【新型コロナウイルス】英国とオランダの集団免疫戦略

 

 

2020年3月15日
「新型コロナ なぜ一斉休校しないのか? 英国の首席科学顧問がお答えします」

 

以下、引用。

ジョンソン首相は神妙な表情で「自分は英国民に対して正直でなければならない。より多くの家族が彼らの愛する人たちを失うことになる」と語りかけました。

イギリスは「封じ込め」フェーズから感染のピークを遅らせて山を低くする「遅延」フェーズに移行します。ピークは10~14週間後にやってくるとみています。

パトリック・ヴァランス政府首席科学顧問は「イギリスの実際の感染者は他国の検査数と陽性率を見ると5000人から1万人いるとみられます」と分析。もはや感染を止めるのは不可能なのでゆっくり感染して集団免疫を獲得すると明言しました。

免疫を持つ人が一定割合まで増え、感染を防ぐようになることを「集団免疫を獲得する」と言います。数理モデルをつくる英インペリアル・カレッジ・ロンドンのニール・ファーガソン教授のこれまでの発言を聞く限り、イギリスの集団免疫レベルの基本シナリオは60%とみられます。

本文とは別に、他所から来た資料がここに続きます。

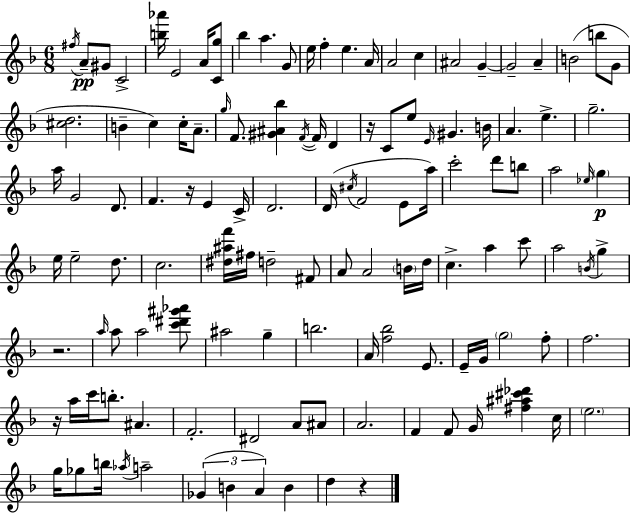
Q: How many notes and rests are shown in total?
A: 124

来シーズンにはワクチンが開発されている可能性があるため、感染して自分で免疫を獲得した人とワクチン接種を受けた人の割合をコントロールしながら60%に持っていく戦略と筆者はみています。

しかし、それを国民向けの記者会見で公言するとは思ってもみませんでした。

今封じ込めすぎて感染のピークがNHS(国民医療サービス)の繁忙期である冬にやって来ると大変なので一番暇な夏に来るようにコントロールする目標まではっきり示しました。最悪シナリオの罹患率はドイツの70%を上回る80%に設定して実行計画を立てていると言います。

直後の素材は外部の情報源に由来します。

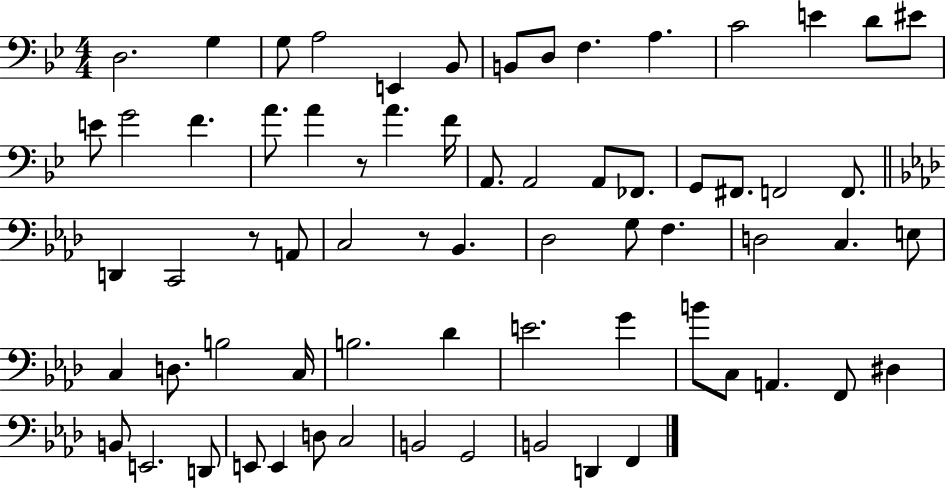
{
  \clef bass
  \numericTimeSignature
  \time 4/4
  \key bes \major
  \repeat volta 2 { d2. g4 | g8 a2 e,4 bes,8 | b,8 d8 f4. a4. | c'2 e'4 d'8 eis'8 | \break e'8 g'2 f'4. | a'8. a'4 r8 a'4. f'16 | a,8. a,2 a,8 fes,8. | g,8 fis,8. f,2 f,8. | \break \bar "||" \break \key aes \major d,4 c,2 r8 a,8 | c2 r8 bes,4. | des2 g8 f4. | d2 c4. e8 | \break c4 d8. b2 c16 | b2. des'4 | e'2. g'4 | b'8 c8 a,4. f,8 dis4 | \break b,8 e,2. d,8 | e,8 e,4 d8 c2 | b,2 g,2 | b,2 d,4 f,4 | \break } \bar "|."
}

ヴァランス顧問によると、スポーツイベントなど大規模な集会より感染リスクが高いのは密閉空間での密接な会合だそうです。今、一斉休校をしない理由についてヴァランス顧問はユーモアを交えてこう説明しました。

休校の効果はあるものの最小限です。効果を上げるのは13~16週間以上の休校が必要になります。しかし子供に友達と会ってもダメ、おしゃべりしてもダメと言っても実行できる可能性はゼロであることぐらい最先端の数学者でなくても分かるでしょう。

ジョンソン首相は「一斉休校は効果より害の方が大きい」と説明しました。

フライト制限についても中国便を95%削減してもエピデミックを1~2日遅らすぐらいの効果しかなく、50%ぐらい減らすのがちょうど良いとの見方も示しました。「封じ込め」が破綻した今、イギリスは新型コロナウイルスにも「いい加減」に対処しようとしているようです。

イギリスは「一斉休校」も「フライト渡航制限」もしません。一斉休校の効果は最小限であり、休校が効果をあげるのは13〜16週間(4ヶ月以上)が必要であり、「効果よりも害の方が大きい」からだという説明です。さすがはEBMの国です。これこそが、科学的根拠に基づいた政策決定だと思いました。

 

しかし、パトリック・ヴァランス先生による「集団免疫」戦略を最初に採用した英国は猛批判を浴びて政治的に撤回しました。

 

 

2020年3月18日『南ドイツ新聞(S uddendeutche Zeit)』
「何千もの人命を費やす実験」
Ein Experiment, das Tausende Leben kosten könnte

 


オランダも集団免疫戦略を政府が公式に採用して、やはり「人体実験だ」「ハイリスクのギャンブルだ」と猛批判を浴びました。

オランダの公衆衛生政策のトップであるオランダ王立公衆衛生環境研究所のウイルス学者、ヴァン・ディーゼル先生によるものだそうです。

 

以下、引用。

最も強力な支持者はオランダ王立公衆衛生環境研究所のウイルス学者ヤップ・ヴァンディーゼルであり、われわれは問題の少ないもの(若者)を感染させることで、ウイルス感染を最小に抑えるとテレビで語った。